Рассказ

Завтра — День первого перекида! Я лично не переживаю: папа — соня, мама — белка: у обоих хвосты вотакенные. И у меня будет не хуже. В учебнике написано: вторая ипостась — обычно вид из ареала проживания, близкий к родительскому. Бывают, конечно, аномалии: бабушка вот у нас — гюрза. Видно, среднеазиатские гены. Бр-р-р, а вдруг через поколение... Ладно, не будем о плохом.

У нас весь класс уже как сдурел: фотошопом хвосты дизайнят и в Snoutbook постят. Один пышней другого. Вадька только нормальный в этом дурдоме: говорит, глупости это. Не хвостом, типа, единым.

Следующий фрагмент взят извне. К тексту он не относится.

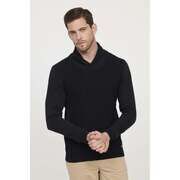 Pull Lee Cooper Pull CUBRIK Black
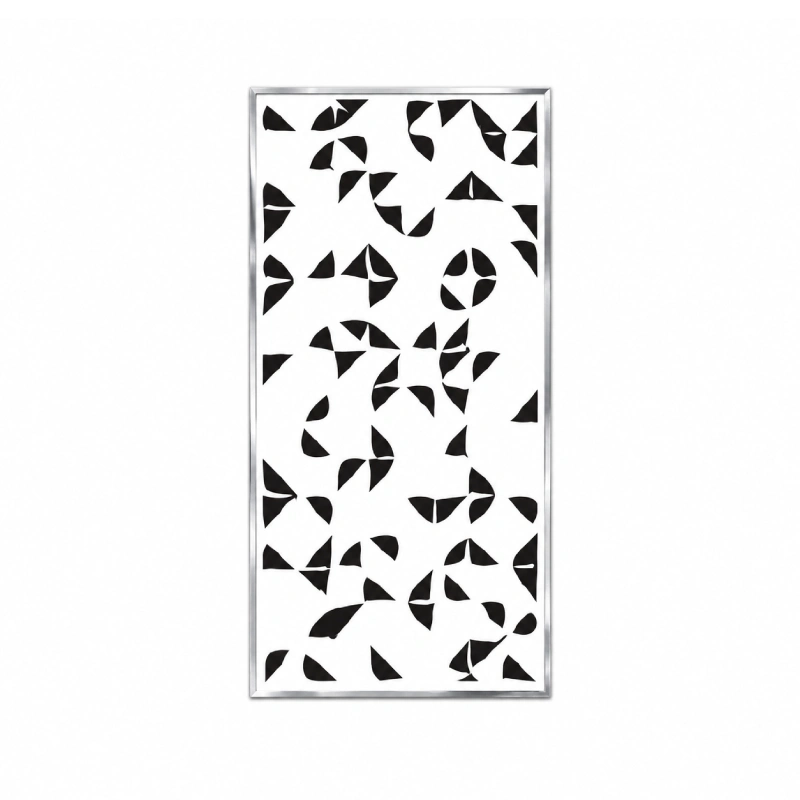 Glyd Felt Room Dividers-var12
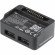 DJI Battery to Power Bank Adapter for Mavic Air 2 2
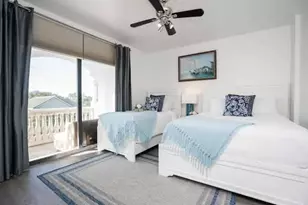540 NE 17th Ave, Fort Lauderdale, FL 33301 - Photo 22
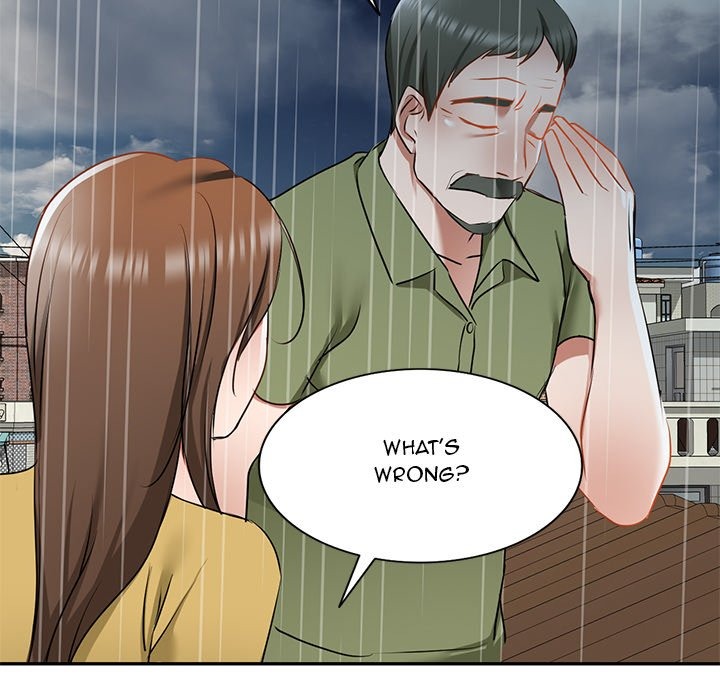 Don't Seduce Me! chapter 17 page 7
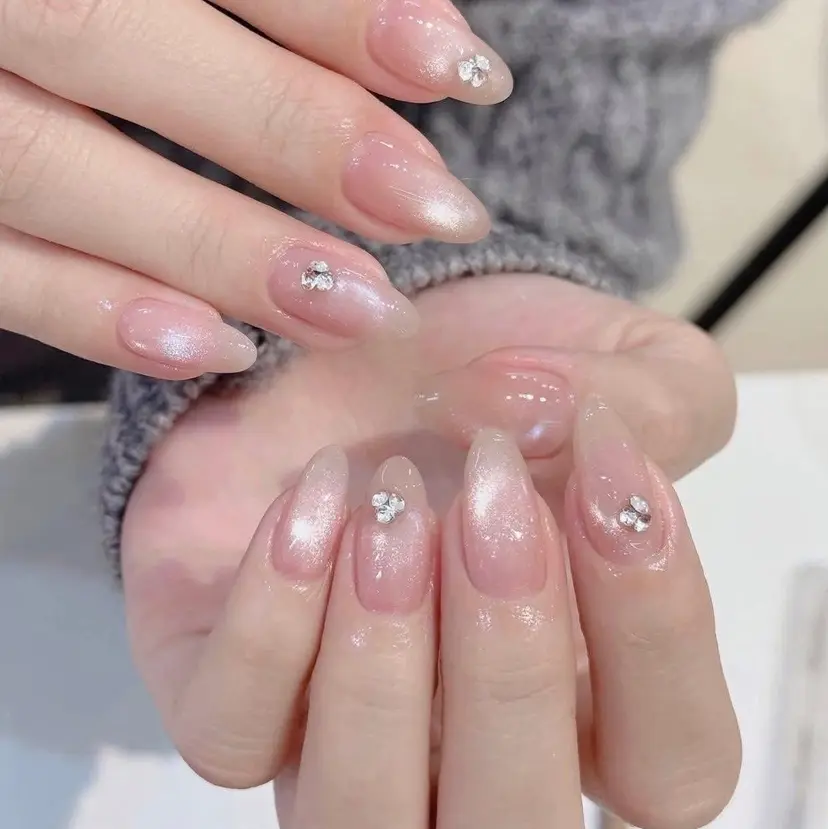 RUBY NAIL SPAの掲載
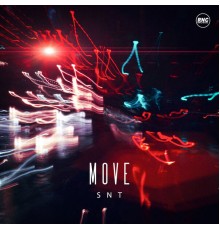 SNT - Move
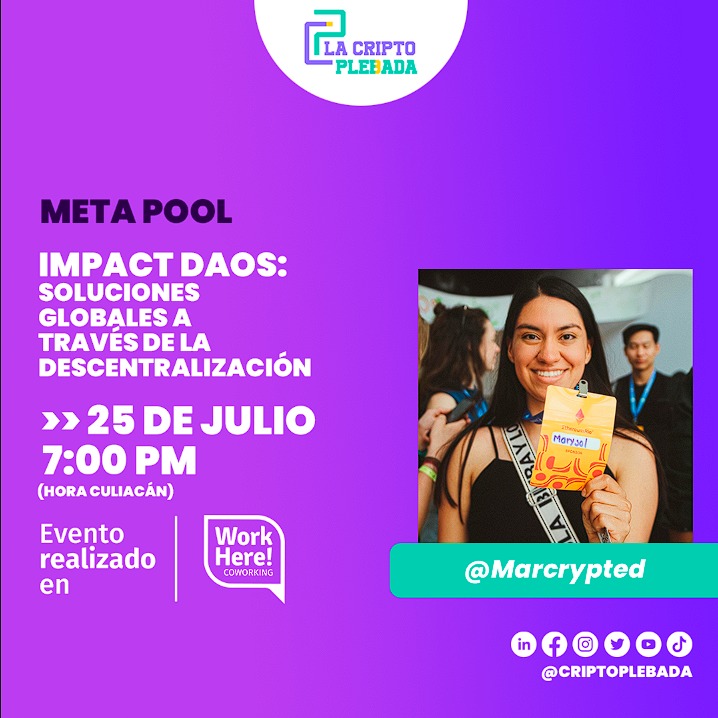 La Cripto Plebada tweet media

В любом обличье можно пользу приносить. Я с ним в принципе согласен. Хотя по ночам полчков гуглю, смотрю, какие у них. Ничё такие, пойдут.

* * *

Чёрт, и как теперь жить? Утопиться — и то не получилось.

Зашёл в Snoutbook — естесно, повыкладывали уже. И у Вадьки — самый пушистый. Полярный волк, ещё бы. Хвостина шикарный, белый, с серыми нотками. Видно, предки с Севера. А не говорил, свинья.

А мне что делать с этой лопатой? Выложил в Snoutbook вместо хвоста средний палец. Не хвостом, блин, единым.

Главное, я вообще не боялся, уверен был. Даже когда в спортзал зашли, а там — веток натыкано, листьев насыпано, а в углу — типа мини-озеро. Подошёл посмотреть, думаю: не повезёт кому-то, если рыбой. Какой у рыбы хвост? Стыдоба. Тут Ильдар подрулил, по козырьку меня — хлоп: «Семёнов, бейсболку сними! И давай в строй». Пришлось снять. Классная такая, там кот с кислой мордой и надпись: Not happy. У Вадьки выменял, на браслет.

В общем, построились, Ильдар Саныч речь толкнул: бла-бла, вот и настал тот день... Справа стоит Тошка Серебряков, он у нас самый маленький. Шепчет: «Так волнуюсь, щас стошнит». Да чего там волноваться?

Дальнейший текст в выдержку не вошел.